Section 38(2) requires the court to extend the operation of any order made to include any children with whom the PINOP has a domestic relationship. If a court decides not to do this, it must give reasons for not doing so: s 38(3).
Variation of family law orders
In making an ADVO, defined as a family violence order in s 3 Family Law Act 1975 (Cth), the court may revive, vary, discharge or suspend any parenting order, recovery order or injunction made under s 68R Family Law Act. “Family violence” is defined in s 4AB Family Law Act. It provides that a child is “exposed to family violence” for the purposes of the Act if the child sees or hears family violence, or otherwise experiences the effects of family violence (s 4AB(2)), and sets out examples of situations that may constitute such exposure (s 4AB(3)).
Section 68R(3) sets out limits on the court’s power. It may not alter an existing family law order unless also making or varying an interim or final family violence order, and must have material before it that was not before the court that made the family law order or injunction.
The court’s jurisdiction derives from s 69J Family Law Act.
Note the following:
the statutory prohibitions under s 68R(3)
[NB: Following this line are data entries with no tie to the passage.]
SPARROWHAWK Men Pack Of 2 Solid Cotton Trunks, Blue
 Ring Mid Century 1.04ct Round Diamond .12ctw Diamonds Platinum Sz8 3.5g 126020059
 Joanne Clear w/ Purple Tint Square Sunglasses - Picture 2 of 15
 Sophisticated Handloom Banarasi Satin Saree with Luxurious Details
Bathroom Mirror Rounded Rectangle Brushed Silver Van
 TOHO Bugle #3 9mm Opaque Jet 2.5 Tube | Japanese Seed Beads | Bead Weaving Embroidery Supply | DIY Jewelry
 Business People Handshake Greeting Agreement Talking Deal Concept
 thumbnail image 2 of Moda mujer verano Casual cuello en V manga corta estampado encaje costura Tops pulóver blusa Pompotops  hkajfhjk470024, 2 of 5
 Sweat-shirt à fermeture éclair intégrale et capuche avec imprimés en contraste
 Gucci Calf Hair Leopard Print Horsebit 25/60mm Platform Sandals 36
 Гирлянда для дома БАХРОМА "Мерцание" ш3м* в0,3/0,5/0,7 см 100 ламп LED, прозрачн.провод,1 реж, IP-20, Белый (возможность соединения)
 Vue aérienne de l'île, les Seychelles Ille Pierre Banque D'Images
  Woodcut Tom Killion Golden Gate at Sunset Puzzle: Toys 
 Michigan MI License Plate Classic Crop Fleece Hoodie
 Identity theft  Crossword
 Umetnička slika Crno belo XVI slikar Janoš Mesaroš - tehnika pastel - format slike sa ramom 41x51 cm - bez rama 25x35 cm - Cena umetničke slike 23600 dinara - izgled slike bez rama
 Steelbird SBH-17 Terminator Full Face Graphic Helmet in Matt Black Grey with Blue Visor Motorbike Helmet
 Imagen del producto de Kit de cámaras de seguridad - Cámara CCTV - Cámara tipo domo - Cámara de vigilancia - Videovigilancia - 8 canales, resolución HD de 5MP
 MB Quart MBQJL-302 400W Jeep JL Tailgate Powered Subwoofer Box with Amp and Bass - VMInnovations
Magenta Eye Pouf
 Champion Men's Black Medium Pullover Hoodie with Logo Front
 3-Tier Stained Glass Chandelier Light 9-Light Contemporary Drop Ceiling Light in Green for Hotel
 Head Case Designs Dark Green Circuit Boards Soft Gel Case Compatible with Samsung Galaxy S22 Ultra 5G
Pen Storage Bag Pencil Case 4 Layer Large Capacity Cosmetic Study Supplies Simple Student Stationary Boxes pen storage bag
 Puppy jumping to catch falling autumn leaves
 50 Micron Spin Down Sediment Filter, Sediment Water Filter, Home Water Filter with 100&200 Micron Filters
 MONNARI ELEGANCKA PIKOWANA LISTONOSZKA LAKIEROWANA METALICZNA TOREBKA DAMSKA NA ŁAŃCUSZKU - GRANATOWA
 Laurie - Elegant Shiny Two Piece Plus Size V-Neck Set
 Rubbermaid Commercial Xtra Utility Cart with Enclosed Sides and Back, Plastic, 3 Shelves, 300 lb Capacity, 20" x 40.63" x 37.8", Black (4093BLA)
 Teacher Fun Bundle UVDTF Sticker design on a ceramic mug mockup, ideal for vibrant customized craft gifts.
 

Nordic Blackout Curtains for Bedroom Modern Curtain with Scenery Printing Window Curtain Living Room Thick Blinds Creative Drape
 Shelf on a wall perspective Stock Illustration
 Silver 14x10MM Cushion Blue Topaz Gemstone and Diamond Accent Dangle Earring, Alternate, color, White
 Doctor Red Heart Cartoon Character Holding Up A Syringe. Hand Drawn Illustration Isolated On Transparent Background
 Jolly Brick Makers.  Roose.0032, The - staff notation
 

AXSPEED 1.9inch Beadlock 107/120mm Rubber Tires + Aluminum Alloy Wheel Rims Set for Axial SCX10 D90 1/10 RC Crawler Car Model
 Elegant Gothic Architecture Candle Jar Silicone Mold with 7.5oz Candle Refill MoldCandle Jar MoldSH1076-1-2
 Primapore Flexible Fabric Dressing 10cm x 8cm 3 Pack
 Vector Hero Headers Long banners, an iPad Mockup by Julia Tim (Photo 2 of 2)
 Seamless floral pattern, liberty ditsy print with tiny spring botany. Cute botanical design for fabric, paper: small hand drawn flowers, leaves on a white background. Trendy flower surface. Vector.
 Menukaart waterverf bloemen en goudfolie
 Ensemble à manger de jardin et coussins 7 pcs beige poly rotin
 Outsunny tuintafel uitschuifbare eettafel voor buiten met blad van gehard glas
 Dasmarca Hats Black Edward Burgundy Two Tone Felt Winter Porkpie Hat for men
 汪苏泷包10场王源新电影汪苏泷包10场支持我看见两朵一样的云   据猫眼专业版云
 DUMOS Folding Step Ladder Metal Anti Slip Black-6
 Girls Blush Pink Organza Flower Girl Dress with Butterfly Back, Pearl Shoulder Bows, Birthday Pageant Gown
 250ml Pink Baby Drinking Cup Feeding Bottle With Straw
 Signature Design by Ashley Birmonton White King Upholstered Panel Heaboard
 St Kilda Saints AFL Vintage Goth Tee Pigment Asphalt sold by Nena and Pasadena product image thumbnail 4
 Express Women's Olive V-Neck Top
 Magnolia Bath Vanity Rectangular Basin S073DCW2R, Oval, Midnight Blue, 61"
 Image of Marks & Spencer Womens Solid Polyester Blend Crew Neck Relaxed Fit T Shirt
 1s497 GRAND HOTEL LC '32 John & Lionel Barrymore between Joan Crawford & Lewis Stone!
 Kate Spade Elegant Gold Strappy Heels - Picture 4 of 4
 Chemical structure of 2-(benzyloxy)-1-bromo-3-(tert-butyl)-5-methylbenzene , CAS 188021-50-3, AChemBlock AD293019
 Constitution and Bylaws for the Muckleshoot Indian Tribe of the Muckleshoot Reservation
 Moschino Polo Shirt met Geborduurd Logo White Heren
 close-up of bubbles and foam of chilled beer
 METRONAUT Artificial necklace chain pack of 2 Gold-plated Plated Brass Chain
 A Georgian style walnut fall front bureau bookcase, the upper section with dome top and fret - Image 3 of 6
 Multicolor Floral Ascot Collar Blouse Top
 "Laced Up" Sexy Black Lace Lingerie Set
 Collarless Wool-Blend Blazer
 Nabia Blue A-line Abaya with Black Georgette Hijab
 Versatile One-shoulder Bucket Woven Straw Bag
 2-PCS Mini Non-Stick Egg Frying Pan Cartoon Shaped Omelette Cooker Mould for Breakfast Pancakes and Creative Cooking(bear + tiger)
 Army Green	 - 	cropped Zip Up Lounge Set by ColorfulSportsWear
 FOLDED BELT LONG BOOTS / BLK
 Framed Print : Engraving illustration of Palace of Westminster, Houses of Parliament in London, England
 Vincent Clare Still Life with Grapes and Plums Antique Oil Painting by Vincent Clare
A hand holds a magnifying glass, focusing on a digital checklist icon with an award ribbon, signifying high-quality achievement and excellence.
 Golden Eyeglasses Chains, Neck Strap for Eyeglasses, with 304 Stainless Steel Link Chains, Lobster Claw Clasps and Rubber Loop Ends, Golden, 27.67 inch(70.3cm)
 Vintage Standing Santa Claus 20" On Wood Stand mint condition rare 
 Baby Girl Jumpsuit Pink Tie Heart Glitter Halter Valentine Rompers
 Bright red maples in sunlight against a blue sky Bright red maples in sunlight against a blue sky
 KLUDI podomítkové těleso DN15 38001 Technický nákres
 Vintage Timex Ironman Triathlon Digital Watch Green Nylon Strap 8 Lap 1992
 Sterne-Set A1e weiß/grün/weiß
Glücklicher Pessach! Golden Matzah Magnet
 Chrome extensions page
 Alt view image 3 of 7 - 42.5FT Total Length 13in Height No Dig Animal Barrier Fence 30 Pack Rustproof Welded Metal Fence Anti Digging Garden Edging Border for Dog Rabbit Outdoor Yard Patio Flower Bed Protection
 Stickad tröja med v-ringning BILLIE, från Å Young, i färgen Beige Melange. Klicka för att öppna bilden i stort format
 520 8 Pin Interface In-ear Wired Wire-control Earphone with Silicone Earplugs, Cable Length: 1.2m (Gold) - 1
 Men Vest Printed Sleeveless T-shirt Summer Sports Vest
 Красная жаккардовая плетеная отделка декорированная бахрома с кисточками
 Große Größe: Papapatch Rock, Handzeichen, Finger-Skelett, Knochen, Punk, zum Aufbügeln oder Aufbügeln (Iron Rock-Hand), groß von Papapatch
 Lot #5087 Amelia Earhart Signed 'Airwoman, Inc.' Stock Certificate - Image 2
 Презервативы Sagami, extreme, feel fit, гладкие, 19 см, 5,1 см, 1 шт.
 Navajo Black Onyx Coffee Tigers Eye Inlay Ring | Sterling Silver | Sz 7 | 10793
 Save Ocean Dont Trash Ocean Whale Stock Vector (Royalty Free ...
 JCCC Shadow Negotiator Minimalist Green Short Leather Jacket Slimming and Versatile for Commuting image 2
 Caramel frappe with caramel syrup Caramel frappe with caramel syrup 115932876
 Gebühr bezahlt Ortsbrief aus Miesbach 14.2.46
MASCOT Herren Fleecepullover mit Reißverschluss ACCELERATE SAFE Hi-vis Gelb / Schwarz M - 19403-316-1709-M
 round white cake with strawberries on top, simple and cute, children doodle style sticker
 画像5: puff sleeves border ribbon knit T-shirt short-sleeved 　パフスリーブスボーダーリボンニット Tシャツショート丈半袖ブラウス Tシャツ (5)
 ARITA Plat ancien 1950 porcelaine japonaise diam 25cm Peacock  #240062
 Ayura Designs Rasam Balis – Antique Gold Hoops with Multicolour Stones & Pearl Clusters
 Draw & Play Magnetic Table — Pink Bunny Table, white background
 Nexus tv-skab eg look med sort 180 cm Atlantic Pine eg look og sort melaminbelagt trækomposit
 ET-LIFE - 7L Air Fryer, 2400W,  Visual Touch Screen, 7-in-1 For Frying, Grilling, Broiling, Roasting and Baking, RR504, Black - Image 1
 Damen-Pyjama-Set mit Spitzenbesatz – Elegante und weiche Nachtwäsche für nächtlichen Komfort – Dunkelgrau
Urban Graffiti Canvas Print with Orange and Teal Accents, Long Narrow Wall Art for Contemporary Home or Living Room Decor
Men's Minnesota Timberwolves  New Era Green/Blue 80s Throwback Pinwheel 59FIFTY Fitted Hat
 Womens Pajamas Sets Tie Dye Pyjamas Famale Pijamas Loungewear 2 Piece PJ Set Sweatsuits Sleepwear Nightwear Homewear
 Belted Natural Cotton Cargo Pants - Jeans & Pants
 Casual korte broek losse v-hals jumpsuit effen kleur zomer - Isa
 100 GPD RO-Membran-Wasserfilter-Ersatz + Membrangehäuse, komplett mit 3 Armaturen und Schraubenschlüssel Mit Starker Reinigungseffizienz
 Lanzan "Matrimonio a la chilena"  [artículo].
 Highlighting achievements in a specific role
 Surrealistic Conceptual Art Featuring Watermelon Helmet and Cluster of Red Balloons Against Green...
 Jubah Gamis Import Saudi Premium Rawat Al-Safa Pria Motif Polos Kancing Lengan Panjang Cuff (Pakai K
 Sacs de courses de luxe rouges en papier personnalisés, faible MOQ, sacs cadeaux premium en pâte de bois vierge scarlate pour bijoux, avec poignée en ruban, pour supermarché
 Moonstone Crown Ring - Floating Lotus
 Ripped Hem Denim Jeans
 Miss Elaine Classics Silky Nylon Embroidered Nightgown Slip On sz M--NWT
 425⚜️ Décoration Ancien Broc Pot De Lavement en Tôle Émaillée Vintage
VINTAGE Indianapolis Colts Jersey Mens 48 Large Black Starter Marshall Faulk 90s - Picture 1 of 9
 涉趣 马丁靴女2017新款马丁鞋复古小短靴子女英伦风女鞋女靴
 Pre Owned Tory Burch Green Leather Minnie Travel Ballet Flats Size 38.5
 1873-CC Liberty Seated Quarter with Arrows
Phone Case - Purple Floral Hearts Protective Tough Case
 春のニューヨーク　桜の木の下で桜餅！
the statutory prohibition against discharging a family law order or injunction that applies under s 68R(4) if the court is only making an interim order, and
factors that must be considered under s 68R(5). The court must:
have regard to the purposes of this Division (as stated in s 68N, namely the resolution of inconsistencies between family law and family violence orders, ensuring family law orders do not expose people to family violence, and ensuring that the best interests of children are met), and
have regard to whether contact with both parents is in the best interests of the child concerned (see ss 60CB–60CG), and
be satisfied that it is appropriate to vary, discharge or suspend a family law order or injunction because a person has been exposed, or is likely to be exposed, to family violence as a result of the operation of that order or injunction, in circumstances where the order or injunction was inconsistent with an existing family violence order at the time it was made or granted.
The Family Court has similar powers in reverse situations under s 68Q Family Law Act.
The court should exercise caution when utilising powers under s 68R and be satisfied the application is not simply seeking to appeal or revisit existing family law orders.
Variation and revocation applications
Generally, an application to vary or revoke an AVO may be made only by a police officer or by an interested party (such as the defendant or a protected person, and in the case of a child who is a protected person, a parent or the Secretary, Department of FACS) in relation to the order: s 72A(2). However, limitations apply where a protected person under the order is a child.
Police-initiated orders where a protected person is a child
An application by an interested party to vary or revoke a police-initiated order where a protected person is a child requires leave of the court: s 72B. The court is not to:
Hear the application, unless satisfied that notice has been served on the Commissioner of Police in accordance with the rules of court (see Pt 5, Local Court Rules 2009): s 72C(1)(b).
Grant leave, if it is of the opinion the application would significantly increase the risk of harm to the child: s 72B(3).
The Commissioner of Police has standing to appear in proceedings for the variation or revocation of any police-initiated order: s 72C(2).
Other orders where a protected person is a child
Under s 72D, where an AVO was not police-initiated but a protected person under the order is a child, the court may, if considering it to be in the best interests of the child to do so:
Notify the Commissioner of Police and any interested party of an application to vary or revoke the order, and
Give the Commissioner and interested party standing to appear in the proceedings.